Post by Graveyardbride on Oct 22, 2014 11:30:25 GMT -5
New Jersey/Pennsylvania Ghost Excursions
Cape May, New Jersey, is almost a hundred miles south of Philadelphia, but well worth the trip. “Cape May looks haunted,” wrote Charles J. Adams III of this Victorian-era seaside village. Visitors can lodge with ghosts, visit museums that have ghosts, even go to beaches where there are ghosts. Haunted accommodations include the Queens Hotel and the Washington and Windward House Inns. The latter’s Wicker Room, located on the third floor, has witnessed several otherworldly encounters with an only partially departed Irish maid. The rugged dunes of Higbee Beach are haunted by two spirits – Old Man Higbee and an elderly servant.
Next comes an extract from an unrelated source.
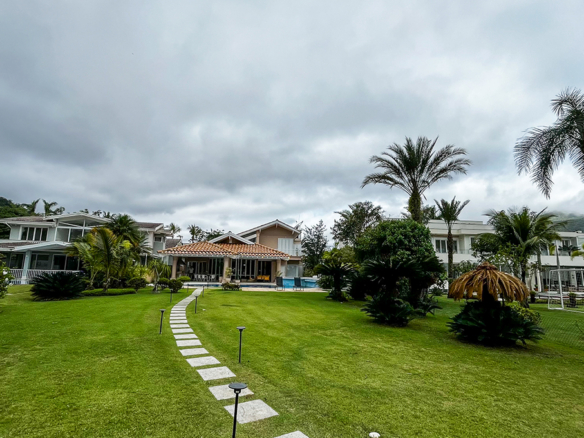 Casa no Condomínio Costa Verde Frente Mar, na praia da Tabatinga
Lancaster, the heart of Pennsylvania Dutch country, is approximately 75 miles west of Philly. A white phantom has hovered for many years above the seats and stage of the Fulton Opera House. Built in 1852, the theater’s upper balcony continues to chill some technicians, who avoid working there alone. A “ghost light” has reportedly been placed off-stage to deter spirit activity. Lancaster Cemetery may have need of such a light. There, a statue of a lovely young woman allegedly strolls the grounds, as does her spirit. So forbidding was Rock Ford, a Georgian mansion built in 1793, that vagrants refused free lodging there. Now a museum, the house is haunted by the first owner’s son, who committed suicide within its walls.
New Hope, some 40 miles south of Philadelphia, is a tony river town that was once a noted artists’ colony. It is now a popular ghosts’ colony. Sometimes the artist becomes the ghost, as is the case with Joseph Pickett. The famous painter died in 1918, but his apparition occasionally manifests itself in his former studio and sometimes roams the towpath of the Delaware Canal. Little wonder that the spirit of a Revolutionary War soldier is said to haunt the Logan Inn (pictured above) where soldier’s corpses were stored in the cellar during the bitter winter of 1776-77 until the ground thawed and the bodies could be buried.